Forse non sono in tanti a sapere che il cantore di Chio è stato, per quanto ne sappiamo al momento, anche il primo a descrivere una competizione sportiva. È stata organizzata per onorare la memoria di Patroclo, soldato mirmidone, cugino e amante di Achille, morto durante l’assedio alla città di Troia: corsa con i carri, pugilato, lotta, corsa a piedi, duello con lancia, lancio del disco, del giavellotto e tiro con l’arco sono le gare disputate. Anche la guerra si interrompe per il rispetto del lutto e della competizione sportiva. Da quel momento, la nascita dei Giochi olimpici nel 776 a.C. è stata seguita da una letteratura per esaltare gli atleti e la grande polis eponima, Olimpia.
Il poeta lirico Pindaro, VI-V secolo a.C., è infatti autore di epinici, canti composti per celebrare i vincitori delle grandi gare panelleniche. La vittoria del singolo è sentita come qualcosa che coinvolge la collettività nel suo insieme. Le Olimpiadi antiche furono celebrate fino al 393 d.C., anno in cui l’imperatore romano Teodosio ne decretò la fine in quanto manifestazione pagana. Tredici anni prima, l’editto di Tessalonica ha imposto il cristianesimo come religione di stato.
Sono riprese nel 1896 e da allora, ogni quattro anni, si è ricominciato a raccontarle per mezzo di libri e film, intenti a raccogliere attimi, gare e racconti da consegnare alla Storia. Perché non si tratta solo di descrivere un evento sportivo, ma di interpretarlo e contestualizzarlo all’interno della rispettiva sfera sociale.
Il saggio Breve storia delle Olimpiadi. Lo sport, la politica da de Coubertin a oggi consente al professore di Storia contemporanea all’Università di Trento, Umberto Tulli, di tracciare un percorso che va dalla decisione del barone francese di far ricominciare le competizioni ad Atene nel 1896 fino a quelle di Londra del 2012. L’autore mette insieme politica internazionale e sport per arrivare a individuare i Giochi come uno strumento utile a comprendere i meccanismi del mondo in cui viviamo tra record ginnici, propaganda, doping e boicottaggi.
Proprio di questo parla il romanzo di Manuel Vázquez Montalbán Sabotaggio olimpico.

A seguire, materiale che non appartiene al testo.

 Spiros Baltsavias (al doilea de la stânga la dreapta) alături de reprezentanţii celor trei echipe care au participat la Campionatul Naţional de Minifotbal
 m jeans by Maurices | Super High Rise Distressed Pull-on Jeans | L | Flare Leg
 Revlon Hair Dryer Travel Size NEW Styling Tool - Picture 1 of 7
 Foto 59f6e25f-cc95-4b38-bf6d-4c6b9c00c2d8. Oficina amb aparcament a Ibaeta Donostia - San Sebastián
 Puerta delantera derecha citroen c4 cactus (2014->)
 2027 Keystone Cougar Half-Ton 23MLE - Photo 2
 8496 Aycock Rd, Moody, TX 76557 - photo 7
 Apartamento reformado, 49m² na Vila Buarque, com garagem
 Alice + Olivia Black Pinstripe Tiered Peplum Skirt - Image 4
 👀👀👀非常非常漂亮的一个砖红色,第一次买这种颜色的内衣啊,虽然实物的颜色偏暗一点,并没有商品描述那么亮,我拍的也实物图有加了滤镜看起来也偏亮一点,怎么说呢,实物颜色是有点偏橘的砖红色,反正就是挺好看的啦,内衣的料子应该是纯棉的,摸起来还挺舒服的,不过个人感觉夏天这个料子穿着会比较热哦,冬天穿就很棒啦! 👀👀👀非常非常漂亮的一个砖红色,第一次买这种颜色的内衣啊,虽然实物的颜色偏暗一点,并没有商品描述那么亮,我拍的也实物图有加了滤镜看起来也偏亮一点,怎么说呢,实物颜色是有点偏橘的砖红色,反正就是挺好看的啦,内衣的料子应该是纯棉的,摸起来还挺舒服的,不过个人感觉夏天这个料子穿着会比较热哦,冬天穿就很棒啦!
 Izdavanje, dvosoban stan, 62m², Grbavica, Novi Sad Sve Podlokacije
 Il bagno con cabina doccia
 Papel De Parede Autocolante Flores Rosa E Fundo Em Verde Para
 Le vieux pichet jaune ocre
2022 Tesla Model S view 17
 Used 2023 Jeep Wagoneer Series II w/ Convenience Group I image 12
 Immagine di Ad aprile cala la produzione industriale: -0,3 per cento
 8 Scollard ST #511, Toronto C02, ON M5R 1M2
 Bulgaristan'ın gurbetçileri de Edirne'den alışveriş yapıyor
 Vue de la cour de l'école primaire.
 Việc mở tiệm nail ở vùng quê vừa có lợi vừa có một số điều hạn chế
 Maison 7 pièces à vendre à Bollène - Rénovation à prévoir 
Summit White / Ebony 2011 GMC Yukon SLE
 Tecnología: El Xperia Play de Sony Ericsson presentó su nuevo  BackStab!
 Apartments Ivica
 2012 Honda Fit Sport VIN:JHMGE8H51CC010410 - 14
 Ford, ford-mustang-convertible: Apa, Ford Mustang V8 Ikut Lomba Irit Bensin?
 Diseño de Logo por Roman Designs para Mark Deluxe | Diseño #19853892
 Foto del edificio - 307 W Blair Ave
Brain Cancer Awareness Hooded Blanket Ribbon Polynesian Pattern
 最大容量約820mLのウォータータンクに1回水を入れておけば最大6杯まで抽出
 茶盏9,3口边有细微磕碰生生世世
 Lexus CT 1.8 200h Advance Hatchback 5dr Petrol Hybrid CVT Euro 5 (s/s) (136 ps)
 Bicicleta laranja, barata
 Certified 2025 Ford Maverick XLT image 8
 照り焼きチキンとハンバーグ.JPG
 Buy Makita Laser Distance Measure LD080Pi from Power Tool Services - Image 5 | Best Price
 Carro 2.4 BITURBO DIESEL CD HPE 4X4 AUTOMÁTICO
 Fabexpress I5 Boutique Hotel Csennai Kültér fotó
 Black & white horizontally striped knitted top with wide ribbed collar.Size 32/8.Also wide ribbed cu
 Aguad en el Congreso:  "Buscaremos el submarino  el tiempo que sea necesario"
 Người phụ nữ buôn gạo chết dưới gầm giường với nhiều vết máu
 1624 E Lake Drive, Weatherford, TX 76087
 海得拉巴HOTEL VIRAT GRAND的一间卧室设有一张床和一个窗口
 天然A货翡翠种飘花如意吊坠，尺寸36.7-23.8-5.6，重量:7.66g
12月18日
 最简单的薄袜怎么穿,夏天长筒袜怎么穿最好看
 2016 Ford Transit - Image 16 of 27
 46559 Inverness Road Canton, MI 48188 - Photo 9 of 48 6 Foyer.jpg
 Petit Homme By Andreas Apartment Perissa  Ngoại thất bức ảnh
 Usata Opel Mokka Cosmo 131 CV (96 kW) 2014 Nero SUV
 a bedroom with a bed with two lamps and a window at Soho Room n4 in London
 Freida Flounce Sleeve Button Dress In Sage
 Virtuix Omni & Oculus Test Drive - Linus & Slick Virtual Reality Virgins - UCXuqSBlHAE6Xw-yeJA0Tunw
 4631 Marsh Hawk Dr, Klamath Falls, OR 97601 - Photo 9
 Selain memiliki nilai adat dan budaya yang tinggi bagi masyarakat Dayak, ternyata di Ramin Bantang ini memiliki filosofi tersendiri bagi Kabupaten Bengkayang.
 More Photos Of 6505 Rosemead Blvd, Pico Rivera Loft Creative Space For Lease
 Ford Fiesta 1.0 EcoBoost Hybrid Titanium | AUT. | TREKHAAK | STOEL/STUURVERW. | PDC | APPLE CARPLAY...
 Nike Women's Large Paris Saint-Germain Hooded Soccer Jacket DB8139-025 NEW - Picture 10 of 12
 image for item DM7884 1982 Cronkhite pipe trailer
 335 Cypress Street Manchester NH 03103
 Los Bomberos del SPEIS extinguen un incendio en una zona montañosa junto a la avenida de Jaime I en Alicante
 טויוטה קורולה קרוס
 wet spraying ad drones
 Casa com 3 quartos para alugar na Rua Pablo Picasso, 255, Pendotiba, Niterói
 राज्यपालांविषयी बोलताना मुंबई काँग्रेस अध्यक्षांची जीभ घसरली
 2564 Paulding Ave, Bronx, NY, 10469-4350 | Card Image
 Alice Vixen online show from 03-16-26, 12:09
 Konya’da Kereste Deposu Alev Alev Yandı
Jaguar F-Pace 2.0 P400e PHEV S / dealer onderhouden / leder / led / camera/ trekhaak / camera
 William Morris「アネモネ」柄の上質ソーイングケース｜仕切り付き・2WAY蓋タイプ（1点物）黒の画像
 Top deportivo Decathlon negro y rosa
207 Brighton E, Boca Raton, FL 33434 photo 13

Durante Barcellona 1992, il Comitato internazionale olimpico (Cio) chiede all’investigatore privato e protagonista Carvalho di indagare su un tentativo di boicottaggio tra situazioni paradossali e fantasia per descrivere il mondo dopo il crollo del Muro di Berlino. Alcuni sportivi sono stati rapiti, molti atleti bianchi prendono farmaci per diventare neri, il presidente americano Bush sta per bombardare la capitale della Catalogna confondendola con l’irachena Baghdad, mentre il Papa Giovanni Paolo II si aggira per la città travestito da lanciatrice di giavellotto.
Dallo sport alla storia, dal libro al film. A partire dal XX secolo, anche il cinema decide di ritrarre alcuni momenti significativi dei Giochi. Indimenticabile è Momenti di gloria: quattro oscar per il film di Hug Hudson che racconta la storia di alcuni universitari di Cambridge alle Olimpiadi del 1924 a Parigi e, in particolare, di due ragazzi, Eric Liddell e Harold Abrahams, uno ebreo e l’altro cristiano, uniti da una forte amicizia. Liddell scopre che la gara di qualificazione dei 100 metri sarà di domenica e, dal momento che la domenica è dedicata al Signore, non voleva partecipare e un compagno lo sostituisce cedendo il suo posto per la corsa dei 400 metri dove vinse l’oro. Abrahams, invece, conquistò l’oro nei cento. Olympia di Leni Riefensthl ritrae i Giochi di Berlino 1936 e anche l’afroamericano Jesse Owens, vincitore di quattro ori olimpici sotto gli occhi del Führer Adolf Hitler.
Tutte le tappe del Novecento sono state rappresentate sul grande schermo. Unbroken di Angelina Jolie mette in scena la vita di un atleta olimpico che presta servizio nell’aviazione americana ed è catturato dai giapponesi durante la Seconda guerra mondiale. Children of Glory di Krisztina Goda, raccontando le Olimpiadi di Melbourne del 1956, parla della rivolta in Ungheria mentre Munich di Steven Spielberg ricorda quelle del 1972, quando a Monaco furono assassinati undici atleti israeliani.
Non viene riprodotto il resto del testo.